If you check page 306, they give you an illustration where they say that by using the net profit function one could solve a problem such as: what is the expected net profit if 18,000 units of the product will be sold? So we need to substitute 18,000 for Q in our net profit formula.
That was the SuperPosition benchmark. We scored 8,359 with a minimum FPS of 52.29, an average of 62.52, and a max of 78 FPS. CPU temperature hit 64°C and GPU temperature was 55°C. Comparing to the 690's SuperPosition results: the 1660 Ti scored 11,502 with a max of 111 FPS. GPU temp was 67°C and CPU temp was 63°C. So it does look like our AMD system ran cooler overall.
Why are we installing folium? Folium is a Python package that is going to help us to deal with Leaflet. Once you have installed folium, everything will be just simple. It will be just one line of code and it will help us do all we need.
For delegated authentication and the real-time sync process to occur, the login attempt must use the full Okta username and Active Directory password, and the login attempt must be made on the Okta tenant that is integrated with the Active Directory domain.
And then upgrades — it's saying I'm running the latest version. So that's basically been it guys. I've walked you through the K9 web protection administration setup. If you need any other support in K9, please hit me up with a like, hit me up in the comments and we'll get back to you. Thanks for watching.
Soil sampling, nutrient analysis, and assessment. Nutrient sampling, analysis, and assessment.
---
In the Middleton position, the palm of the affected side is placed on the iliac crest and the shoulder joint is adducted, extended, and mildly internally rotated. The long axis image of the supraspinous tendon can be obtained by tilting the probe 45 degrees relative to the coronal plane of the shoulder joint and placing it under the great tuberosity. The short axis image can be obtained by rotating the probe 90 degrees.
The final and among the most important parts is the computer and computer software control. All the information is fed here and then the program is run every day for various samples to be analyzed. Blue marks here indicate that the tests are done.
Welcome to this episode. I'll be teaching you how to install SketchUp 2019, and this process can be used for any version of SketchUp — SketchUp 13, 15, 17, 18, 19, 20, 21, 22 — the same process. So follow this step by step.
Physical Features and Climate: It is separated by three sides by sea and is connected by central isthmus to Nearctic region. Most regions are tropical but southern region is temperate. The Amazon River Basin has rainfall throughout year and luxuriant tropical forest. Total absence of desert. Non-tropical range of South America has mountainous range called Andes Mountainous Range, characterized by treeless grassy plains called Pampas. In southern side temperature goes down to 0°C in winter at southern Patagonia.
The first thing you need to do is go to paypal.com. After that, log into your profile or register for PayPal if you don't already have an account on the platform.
* * *
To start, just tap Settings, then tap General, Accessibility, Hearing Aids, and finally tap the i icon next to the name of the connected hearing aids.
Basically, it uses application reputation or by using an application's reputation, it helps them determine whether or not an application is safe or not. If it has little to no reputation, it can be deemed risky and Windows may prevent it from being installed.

Instructions to follow
Determine the number of lines above that include the word "have"; the reply is that number only.

Task output
2